Warm Bodies follows the adventures and innermost thoughts of R, played by the talented Nicholas Hoult, a teenage zombie who thinks quite a lot about the great philosophical questions about life: why are we here, how did this happen, and what’s for dinner?
R lives among a colony of fellow zombies in an abandoned airport with some grim devils called Bonies. Bonies are the not so nice version of zombies. Yes, that means that in this world there are nice zombies!
As we learn from R’s informative voice-over, the zombie condition arose about six years earlier due to some unknown turn of events and resulted in the surviving humans building a massive wall around what remained of their city. Zombies wander out occasionally to prey on any stray people outside of the great wall.
On one such outing for food, R encounters Julie, a beautiful blond human with grit. Quite to his surprise, R falls immediately in love, taking her into his care and protecting her from his fellow undead. Unfortunately for Julie’s boyfriend, R does not fall in love with him and he ends up as R’s meal.
After a brief getting-to-know-you period, Julie warms to R’s eclectic style and great taste in music. Who knew zombies liked vinyl better than mp3s? The story continues as Julie and R work out what their blossoming friendship could mean for each other and for the human-zombie state of affairs everywhere.
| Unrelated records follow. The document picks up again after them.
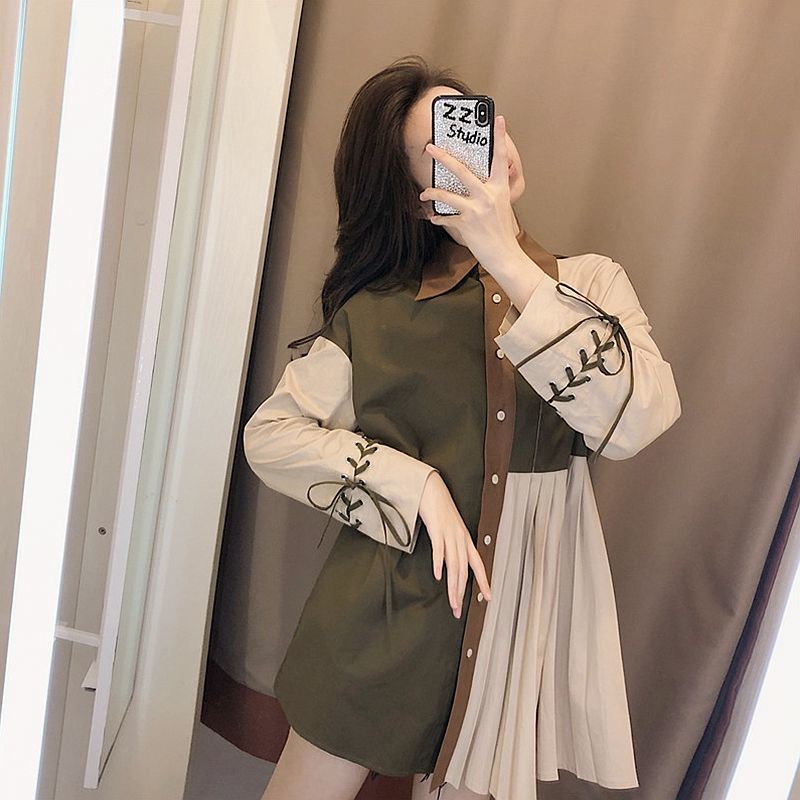 Áo sơ mi tay dài phong cách retro Hồng Kông thời trang mùa xuân 2022 cho nữ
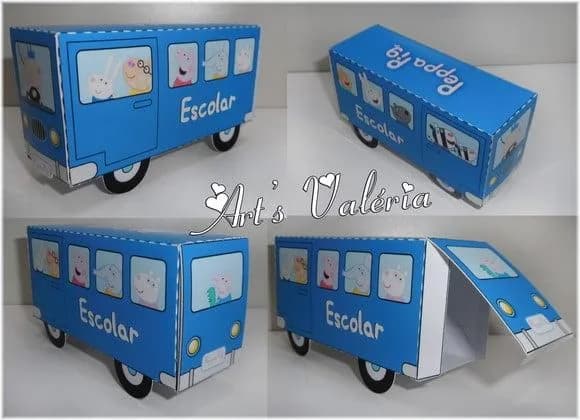 Caixinha Ônibus Escolar Porquinhos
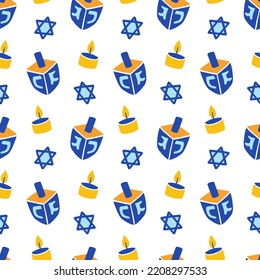 Feliz Hanukkah sin fisuras con dreidel, velas y estrella de David. La festividad judía repite un interminable trasfondo. Impresión de textura de ilustración vectorial. Diseño colorido de estilo plano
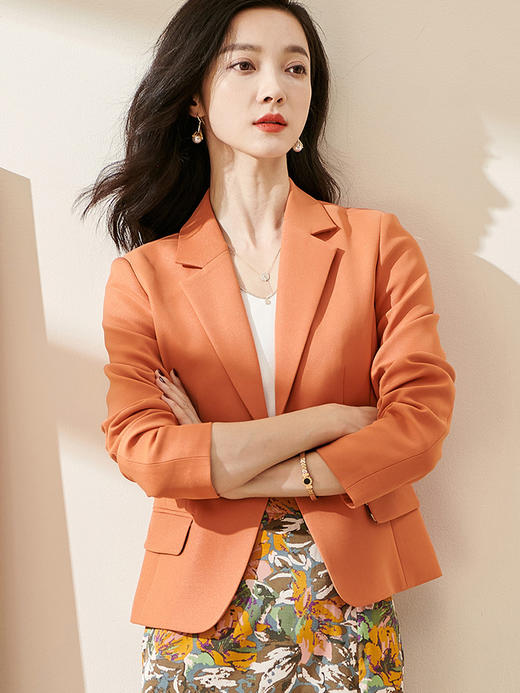 爱马仕橙小西装 修身立裁 高级耐看  米思阳春季新款气质短外套一粒扣显瘦通勤OL西装0157 商品图2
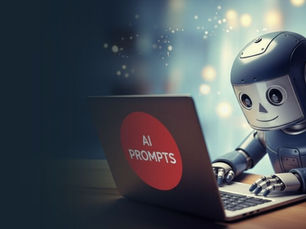 A robot working on a laptop with AI prompts on the back of the laptop screen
This tale is loosely based on Romeo and Juliette, and as such Warm Bodies feels very familiar and easy to digest. Speaking of digesting, one of the best things about eating a brain is the delightful experience of reliving the owner’s memories! I know, it’s a little gross, but for a zombie movie Warm Bodies does have some heart, some humor, and a pretty optimistic message. If such a thing is possible, I think Warm Bodies might qualify as a comedy-horror date night movie.
Nicholas Hoult does a fine job of being the rotting lead, and relative unknown Teresa Palmer brings the perfect balance of fight and compassion to Julie. Supporting cast members Rob Corddry, of The Daily Show fame, and John Malkovich, of being awesome fame, are unfortunately not tapped as much as I think they could have been. Both of these men could have brought another layer of quirkiness to the screen; instead, they paled as background characters in Warm Bodies.
Aside from that particular misuse of cast, Warm Bodies offers a colorful take on the romantic notions of a young zombie. The music is perfectly applied throughout, the performances are entertaining, and the humor is not forced. I enjoyed this romp, and as long as you’re not looking for esoteric genius, you might, too.